▸ Exercise details:
Search term "Front": please copy every line of the records below that contains it.

(Items listed in a dataset)
★ ★ ★

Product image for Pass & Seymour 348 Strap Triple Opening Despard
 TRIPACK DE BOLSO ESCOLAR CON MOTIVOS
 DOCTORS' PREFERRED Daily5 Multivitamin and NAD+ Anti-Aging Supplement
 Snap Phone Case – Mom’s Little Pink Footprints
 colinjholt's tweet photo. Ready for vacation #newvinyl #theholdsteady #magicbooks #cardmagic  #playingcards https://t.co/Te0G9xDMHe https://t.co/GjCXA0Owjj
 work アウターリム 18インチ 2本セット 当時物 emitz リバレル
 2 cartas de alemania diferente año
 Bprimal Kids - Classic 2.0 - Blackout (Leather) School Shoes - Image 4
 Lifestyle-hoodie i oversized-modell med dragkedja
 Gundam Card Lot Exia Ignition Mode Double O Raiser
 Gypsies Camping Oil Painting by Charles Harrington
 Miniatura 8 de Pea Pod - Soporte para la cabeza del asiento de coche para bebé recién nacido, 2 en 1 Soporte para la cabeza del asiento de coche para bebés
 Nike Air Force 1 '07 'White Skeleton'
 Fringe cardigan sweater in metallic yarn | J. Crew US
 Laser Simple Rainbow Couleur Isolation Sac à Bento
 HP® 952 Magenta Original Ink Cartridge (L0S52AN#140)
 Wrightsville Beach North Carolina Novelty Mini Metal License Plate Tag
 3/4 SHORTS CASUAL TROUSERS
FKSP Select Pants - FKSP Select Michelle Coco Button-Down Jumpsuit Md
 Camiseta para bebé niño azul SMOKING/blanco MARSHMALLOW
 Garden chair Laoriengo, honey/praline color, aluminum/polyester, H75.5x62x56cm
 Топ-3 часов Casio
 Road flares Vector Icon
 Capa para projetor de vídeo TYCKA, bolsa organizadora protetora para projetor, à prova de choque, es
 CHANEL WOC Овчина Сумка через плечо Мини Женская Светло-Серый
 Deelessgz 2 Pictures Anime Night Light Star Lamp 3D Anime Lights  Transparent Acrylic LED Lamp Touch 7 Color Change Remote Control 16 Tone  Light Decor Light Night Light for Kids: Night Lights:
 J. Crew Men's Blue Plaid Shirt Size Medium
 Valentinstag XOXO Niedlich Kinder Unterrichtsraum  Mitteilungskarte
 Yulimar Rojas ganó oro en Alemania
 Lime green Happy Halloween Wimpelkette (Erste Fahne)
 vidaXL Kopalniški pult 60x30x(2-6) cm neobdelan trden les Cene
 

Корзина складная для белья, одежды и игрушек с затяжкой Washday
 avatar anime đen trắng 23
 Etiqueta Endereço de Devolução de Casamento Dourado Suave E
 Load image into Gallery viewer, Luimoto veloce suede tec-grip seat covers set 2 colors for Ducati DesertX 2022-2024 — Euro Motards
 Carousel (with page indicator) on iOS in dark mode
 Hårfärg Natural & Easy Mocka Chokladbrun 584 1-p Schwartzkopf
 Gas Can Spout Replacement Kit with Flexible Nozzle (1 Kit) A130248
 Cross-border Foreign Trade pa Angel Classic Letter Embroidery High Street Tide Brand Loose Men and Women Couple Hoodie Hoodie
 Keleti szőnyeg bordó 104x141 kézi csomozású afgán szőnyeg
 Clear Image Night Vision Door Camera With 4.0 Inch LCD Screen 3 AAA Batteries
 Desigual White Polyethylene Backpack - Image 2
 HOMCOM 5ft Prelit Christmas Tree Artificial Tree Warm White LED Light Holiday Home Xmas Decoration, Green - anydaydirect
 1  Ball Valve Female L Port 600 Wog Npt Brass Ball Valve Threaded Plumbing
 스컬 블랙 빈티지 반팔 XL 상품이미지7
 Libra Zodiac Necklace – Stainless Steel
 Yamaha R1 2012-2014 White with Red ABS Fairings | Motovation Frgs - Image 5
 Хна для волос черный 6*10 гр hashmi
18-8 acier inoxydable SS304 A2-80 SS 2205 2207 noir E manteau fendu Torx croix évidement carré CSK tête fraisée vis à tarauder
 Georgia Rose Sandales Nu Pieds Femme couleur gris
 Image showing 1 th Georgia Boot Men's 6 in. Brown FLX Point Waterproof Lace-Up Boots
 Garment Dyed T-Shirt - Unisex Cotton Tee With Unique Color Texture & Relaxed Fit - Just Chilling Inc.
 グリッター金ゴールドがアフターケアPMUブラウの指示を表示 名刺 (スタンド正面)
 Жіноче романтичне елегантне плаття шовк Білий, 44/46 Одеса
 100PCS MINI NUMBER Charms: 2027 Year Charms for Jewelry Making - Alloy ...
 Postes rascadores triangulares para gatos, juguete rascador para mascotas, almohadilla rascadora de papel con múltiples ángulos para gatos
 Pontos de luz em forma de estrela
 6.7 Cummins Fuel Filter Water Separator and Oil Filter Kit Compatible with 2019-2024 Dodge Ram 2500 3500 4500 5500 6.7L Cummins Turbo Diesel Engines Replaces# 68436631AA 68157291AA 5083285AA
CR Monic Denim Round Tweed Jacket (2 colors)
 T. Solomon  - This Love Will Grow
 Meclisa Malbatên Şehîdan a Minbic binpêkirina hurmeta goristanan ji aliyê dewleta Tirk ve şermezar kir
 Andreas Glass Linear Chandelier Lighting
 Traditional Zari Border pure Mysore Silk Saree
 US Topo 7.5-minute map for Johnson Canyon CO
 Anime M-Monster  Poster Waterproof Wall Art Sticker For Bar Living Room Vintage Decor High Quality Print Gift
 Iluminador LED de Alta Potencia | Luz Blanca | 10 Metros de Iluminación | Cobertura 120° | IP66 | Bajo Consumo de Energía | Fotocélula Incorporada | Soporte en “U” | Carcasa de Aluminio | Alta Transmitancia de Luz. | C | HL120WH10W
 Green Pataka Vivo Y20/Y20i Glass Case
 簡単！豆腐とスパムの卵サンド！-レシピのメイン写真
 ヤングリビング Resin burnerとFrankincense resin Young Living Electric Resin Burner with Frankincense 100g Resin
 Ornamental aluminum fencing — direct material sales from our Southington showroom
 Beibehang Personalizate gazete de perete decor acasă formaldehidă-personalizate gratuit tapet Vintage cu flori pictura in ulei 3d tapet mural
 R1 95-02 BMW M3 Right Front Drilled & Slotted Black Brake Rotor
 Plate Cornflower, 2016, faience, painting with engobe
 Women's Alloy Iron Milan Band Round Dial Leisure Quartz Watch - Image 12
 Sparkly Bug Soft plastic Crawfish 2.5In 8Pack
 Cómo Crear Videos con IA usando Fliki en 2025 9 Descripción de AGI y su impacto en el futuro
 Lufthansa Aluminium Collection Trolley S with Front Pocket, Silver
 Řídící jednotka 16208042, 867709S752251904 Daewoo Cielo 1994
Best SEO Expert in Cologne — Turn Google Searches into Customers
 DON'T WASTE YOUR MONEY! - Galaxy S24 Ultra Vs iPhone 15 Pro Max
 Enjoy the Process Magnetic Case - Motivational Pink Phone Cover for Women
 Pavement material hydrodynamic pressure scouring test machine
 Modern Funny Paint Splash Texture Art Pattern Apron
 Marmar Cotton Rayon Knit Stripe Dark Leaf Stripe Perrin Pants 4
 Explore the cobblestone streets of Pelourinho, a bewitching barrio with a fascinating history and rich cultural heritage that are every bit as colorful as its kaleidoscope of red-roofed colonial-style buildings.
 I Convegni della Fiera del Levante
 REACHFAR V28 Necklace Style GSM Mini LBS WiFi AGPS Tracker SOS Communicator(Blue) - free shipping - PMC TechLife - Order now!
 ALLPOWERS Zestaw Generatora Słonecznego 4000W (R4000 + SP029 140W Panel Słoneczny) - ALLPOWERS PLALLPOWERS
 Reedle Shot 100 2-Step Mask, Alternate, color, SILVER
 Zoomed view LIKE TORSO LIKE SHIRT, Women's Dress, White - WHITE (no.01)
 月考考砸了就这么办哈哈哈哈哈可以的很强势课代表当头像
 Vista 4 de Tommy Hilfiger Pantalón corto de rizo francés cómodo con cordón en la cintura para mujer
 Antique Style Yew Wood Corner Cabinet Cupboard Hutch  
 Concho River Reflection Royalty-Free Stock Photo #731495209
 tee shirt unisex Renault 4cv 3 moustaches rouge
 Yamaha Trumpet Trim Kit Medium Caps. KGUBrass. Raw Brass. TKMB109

★ ★ ★

▸ Result for this exercise:
 R1 95-02 BMW M3 Right Front Drilled & Slotted Black Brake Rotor
 Lufthansa Aluminium Collection Trolley S with Front Pocket, Silver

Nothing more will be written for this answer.